Is it correct to change the value of __name__
atribute of object like in the following examp开发者_如何学运维le:
>>>
>>> def f(): pass
...
>>> f.__name__
'f'
>>> b = f
>>> b.__name__
'f'
>>> b.__name__ = 'b'
>>> b
<function b at 0x0000000002379278>
>>> b.__name__
'b'
>>>
Changing a function's name doesn't make the new name callable:
>>> def f(): print 'called %s'%(f.__name__)
...
>>> f()
called f
>>> f.__name__ = 'b'
>>> f()
called b
>>> b()
Traceback (most recent call last):
File "<stdin>", line 1, in <module>
NameError: name 'b' is not defined
You'd have to define b
in order to call it.
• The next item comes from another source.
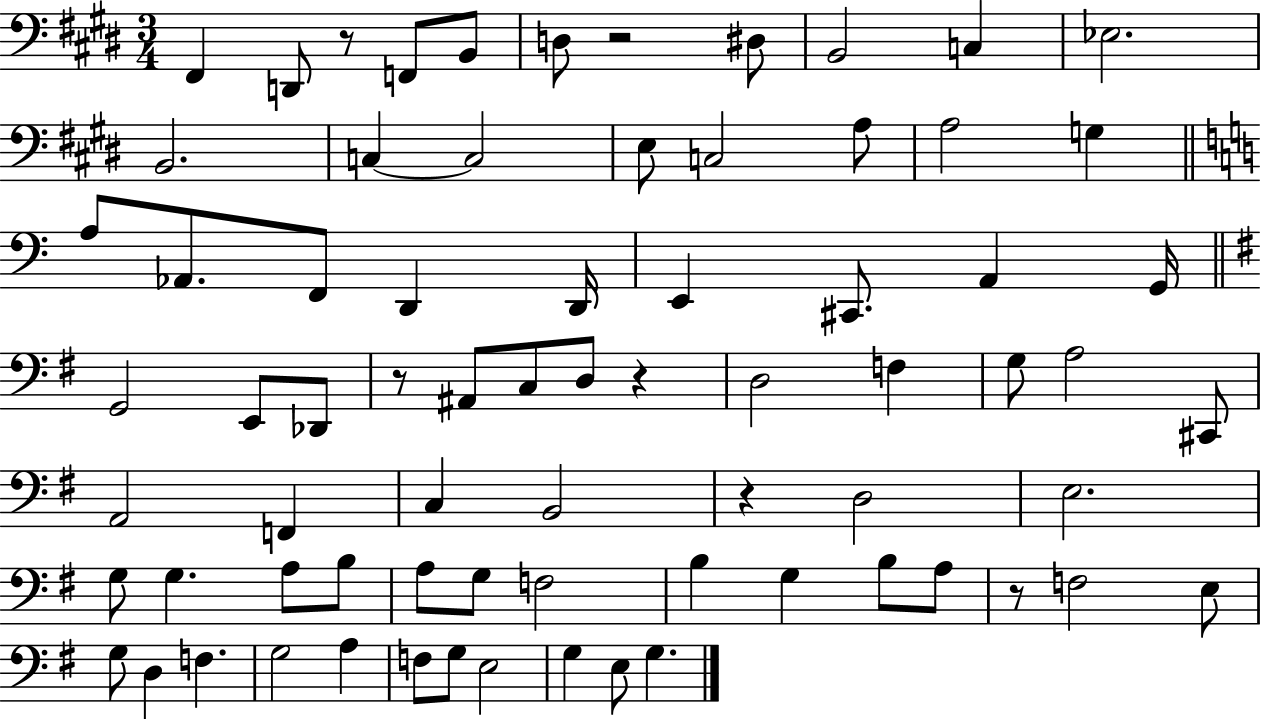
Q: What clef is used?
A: bass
And as you saw, simply assigning b=f
doesn't define a new function.
Yes, you can change __name__
. I sometimes change the __name__
of a decorator instance to reflect the function it's decorating, e.g.
class CallTrace:
...
def __init__(self, f):
self.f = f
self.__name__ = f.__name__ + ' (CallTraced)'
I'm not asserting this is good practice, but it has helped me debug code in the past. The idea is if you decorate a function fn
, then type fn.__name__
at the prompt, you can see immediately that it's decorated.